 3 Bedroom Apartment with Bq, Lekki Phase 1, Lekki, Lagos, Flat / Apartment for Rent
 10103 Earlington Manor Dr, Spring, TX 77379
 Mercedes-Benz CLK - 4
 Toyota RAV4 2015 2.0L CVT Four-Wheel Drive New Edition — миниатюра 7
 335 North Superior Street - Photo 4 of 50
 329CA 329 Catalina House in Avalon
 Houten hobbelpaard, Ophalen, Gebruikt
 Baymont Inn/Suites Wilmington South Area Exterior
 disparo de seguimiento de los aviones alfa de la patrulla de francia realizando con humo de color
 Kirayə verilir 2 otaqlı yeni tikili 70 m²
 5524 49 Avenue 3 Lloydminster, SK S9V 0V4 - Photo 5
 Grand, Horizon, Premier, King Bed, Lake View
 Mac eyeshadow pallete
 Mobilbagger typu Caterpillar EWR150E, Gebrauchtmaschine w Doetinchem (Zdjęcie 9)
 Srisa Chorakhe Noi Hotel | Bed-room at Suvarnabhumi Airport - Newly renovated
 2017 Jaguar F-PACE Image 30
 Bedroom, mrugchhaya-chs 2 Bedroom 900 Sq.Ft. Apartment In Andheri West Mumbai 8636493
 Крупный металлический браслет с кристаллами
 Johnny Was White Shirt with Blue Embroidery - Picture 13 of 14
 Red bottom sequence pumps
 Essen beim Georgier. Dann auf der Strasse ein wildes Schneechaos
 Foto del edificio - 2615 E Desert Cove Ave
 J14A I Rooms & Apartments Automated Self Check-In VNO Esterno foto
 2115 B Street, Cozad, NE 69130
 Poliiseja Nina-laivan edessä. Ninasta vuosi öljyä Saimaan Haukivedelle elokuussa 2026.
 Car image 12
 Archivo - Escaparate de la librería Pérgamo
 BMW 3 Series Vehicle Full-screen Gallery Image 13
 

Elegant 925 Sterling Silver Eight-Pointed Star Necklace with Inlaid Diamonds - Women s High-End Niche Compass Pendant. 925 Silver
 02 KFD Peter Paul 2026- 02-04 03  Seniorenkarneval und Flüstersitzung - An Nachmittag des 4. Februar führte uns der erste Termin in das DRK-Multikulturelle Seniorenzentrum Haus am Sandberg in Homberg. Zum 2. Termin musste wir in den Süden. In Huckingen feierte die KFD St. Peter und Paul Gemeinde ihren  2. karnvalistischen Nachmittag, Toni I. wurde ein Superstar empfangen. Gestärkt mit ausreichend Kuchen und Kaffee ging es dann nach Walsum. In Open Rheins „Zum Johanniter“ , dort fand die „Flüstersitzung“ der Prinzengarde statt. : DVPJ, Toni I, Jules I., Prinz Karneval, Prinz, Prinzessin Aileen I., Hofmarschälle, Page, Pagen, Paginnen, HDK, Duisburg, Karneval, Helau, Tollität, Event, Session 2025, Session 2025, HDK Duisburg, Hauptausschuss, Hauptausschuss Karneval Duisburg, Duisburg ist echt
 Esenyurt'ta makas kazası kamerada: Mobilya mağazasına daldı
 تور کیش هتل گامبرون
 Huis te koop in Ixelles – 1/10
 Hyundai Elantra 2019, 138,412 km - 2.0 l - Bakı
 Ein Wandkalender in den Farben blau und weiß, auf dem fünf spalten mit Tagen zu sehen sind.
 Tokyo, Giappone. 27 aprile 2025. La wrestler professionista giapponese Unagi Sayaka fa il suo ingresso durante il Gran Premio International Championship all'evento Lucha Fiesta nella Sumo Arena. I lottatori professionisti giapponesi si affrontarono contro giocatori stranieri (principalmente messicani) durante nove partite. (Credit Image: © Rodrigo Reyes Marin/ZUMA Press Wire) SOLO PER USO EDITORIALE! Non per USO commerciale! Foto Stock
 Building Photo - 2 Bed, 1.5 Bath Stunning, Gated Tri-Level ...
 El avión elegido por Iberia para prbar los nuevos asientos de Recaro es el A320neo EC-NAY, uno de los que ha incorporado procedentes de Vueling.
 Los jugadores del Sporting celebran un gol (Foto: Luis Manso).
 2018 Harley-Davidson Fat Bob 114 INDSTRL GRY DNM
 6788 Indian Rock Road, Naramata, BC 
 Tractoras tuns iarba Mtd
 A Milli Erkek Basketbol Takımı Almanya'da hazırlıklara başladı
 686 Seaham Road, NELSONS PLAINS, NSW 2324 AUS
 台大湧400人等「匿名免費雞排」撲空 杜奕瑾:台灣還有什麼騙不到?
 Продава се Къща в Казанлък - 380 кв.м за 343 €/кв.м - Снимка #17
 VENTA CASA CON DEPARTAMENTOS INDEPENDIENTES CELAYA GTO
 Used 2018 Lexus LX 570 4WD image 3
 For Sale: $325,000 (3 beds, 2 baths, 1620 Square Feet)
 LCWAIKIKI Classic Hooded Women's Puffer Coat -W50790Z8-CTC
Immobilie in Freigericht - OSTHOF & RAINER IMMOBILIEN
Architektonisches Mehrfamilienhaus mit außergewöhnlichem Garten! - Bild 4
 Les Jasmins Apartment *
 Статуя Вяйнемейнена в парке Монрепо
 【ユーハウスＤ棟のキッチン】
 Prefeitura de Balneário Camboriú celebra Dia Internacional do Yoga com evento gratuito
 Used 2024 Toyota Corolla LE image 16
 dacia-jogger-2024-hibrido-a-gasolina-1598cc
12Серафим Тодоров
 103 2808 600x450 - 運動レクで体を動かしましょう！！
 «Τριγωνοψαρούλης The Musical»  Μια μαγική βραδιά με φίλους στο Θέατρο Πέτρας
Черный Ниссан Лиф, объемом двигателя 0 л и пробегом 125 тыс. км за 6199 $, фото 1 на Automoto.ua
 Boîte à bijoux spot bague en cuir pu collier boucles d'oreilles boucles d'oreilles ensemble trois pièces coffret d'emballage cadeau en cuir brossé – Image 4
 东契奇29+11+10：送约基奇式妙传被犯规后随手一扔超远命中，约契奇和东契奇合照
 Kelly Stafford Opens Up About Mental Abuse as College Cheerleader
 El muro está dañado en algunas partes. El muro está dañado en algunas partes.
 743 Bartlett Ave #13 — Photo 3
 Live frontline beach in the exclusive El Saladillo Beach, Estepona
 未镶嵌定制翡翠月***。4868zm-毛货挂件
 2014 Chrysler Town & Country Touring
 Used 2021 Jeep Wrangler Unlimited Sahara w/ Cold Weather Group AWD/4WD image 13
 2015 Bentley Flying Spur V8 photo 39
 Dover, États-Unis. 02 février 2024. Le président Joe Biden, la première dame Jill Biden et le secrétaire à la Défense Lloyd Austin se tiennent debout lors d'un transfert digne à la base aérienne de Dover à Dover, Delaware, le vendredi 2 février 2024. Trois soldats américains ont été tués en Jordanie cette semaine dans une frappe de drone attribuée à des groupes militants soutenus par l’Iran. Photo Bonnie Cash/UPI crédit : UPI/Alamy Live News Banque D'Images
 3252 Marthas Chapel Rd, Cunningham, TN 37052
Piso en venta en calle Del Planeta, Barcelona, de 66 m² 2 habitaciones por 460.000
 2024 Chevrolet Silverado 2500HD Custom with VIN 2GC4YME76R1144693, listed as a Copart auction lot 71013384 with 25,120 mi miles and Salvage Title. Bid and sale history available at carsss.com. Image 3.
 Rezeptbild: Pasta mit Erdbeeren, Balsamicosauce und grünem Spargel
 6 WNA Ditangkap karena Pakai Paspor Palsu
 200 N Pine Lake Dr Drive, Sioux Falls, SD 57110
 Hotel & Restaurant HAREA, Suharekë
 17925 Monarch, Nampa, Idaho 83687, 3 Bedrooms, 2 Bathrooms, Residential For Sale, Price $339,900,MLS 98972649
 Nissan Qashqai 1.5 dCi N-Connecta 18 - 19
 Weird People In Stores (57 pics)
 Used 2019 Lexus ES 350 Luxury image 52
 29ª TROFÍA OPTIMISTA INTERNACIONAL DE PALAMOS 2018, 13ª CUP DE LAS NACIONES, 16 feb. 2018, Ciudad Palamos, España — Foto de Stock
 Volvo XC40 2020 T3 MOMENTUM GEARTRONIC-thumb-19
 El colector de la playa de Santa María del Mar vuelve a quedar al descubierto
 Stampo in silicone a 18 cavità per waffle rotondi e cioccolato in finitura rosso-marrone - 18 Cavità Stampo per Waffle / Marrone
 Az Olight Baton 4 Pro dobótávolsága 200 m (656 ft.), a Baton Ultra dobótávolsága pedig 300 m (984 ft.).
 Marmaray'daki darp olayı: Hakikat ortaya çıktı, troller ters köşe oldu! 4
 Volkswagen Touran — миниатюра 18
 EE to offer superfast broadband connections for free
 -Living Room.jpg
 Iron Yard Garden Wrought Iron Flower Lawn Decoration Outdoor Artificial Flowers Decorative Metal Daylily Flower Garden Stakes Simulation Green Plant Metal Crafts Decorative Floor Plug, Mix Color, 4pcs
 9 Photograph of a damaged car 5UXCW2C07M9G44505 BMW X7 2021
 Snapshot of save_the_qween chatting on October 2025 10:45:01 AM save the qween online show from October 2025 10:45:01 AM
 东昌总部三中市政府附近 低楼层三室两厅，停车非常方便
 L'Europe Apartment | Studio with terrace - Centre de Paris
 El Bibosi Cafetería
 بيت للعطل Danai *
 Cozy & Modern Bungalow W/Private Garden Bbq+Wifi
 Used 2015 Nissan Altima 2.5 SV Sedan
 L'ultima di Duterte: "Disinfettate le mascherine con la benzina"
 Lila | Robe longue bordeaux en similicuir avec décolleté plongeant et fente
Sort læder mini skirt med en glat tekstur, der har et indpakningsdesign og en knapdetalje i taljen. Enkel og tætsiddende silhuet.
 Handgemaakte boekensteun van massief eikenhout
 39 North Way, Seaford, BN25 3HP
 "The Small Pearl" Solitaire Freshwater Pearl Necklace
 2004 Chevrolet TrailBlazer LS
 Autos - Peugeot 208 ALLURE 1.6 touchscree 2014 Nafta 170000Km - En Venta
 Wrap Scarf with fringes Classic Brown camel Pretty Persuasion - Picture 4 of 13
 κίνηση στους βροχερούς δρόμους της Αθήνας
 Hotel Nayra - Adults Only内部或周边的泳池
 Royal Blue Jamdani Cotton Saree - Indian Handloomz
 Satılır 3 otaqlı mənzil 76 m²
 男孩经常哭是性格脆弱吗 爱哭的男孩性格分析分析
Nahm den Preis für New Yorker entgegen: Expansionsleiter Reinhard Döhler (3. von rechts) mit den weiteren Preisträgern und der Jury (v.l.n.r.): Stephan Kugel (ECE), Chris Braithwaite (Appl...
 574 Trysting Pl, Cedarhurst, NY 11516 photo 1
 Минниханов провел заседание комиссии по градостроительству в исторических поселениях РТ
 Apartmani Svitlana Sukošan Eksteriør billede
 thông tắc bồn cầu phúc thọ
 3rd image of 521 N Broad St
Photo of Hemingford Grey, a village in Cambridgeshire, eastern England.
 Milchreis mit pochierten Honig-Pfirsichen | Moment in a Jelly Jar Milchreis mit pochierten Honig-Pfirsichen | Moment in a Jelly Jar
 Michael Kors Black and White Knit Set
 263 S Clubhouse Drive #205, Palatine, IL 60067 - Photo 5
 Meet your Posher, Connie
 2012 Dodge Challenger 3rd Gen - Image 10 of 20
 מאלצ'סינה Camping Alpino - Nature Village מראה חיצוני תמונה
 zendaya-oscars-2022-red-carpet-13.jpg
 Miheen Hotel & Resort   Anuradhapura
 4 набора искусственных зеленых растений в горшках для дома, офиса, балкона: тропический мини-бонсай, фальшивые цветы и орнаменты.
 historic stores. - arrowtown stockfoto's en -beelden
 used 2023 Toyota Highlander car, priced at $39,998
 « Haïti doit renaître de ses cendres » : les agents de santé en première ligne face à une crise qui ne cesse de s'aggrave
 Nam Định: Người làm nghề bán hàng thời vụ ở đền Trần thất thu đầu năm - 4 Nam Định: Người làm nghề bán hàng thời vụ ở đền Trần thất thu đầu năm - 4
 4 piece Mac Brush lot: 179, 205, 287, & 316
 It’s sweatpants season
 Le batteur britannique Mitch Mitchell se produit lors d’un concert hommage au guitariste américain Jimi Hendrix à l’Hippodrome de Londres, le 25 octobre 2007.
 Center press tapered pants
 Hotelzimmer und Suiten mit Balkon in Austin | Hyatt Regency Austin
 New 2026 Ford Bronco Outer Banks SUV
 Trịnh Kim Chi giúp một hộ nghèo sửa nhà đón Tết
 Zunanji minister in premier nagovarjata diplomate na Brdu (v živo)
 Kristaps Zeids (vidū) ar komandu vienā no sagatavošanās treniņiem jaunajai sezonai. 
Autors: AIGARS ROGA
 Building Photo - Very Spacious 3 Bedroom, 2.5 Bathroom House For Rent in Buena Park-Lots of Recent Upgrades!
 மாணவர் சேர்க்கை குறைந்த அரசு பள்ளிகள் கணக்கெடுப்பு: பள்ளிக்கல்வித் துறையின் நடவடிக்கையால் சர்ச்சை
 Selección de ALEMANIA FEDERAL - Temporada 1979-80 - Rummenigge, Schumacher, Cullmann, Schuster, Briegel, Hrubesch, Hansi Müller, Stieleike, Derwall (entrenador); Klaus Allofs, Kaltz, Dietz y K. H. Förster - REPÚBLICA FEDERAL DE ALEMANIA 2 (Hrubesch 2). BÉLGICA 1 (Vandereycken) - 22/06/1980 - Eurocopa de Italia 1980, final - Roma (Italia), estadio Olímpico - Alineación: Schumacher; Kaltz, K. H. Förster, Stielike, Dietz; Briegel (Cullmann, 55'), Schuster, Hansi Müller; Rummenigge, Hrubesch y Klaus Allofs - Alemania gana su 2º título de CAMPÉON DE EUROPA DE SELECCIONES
────────────────
[ABOUT THIS EXERCISE]: Using the data above, transcribe the lines that run from the line with "Used 2018 Lexus LX 570 4WD image 3" to the line with "Prefeitura de Balneário", both ends kept, and output nothing else.

[ANSWER TO THE PROBLEM]:
 Used 2018 Lexus LX 570 4WD image 3
 For Sale: $325,000 (3 beds, 2 baths, 1620 Square Feet)
 LCWAIKIKI Classic Hooded Women's Puffer Coat -W50790Z8-CTC
Immobilie in Freigericht - OSTHOF & RAINER IMMOBILIEN
Architektonisches Mehrfamilienhaus mit außergewöhnlichem Garten! - Bild 4
 Les Jasmins Apartment *
 Статуя Вяйнемейнена в парке Монрепо
 【ユーハウスＤ棟のキッチン】
 Prefeitura de Balneário Camboriú celebra Dia Internacional do Yoga com evento gratuito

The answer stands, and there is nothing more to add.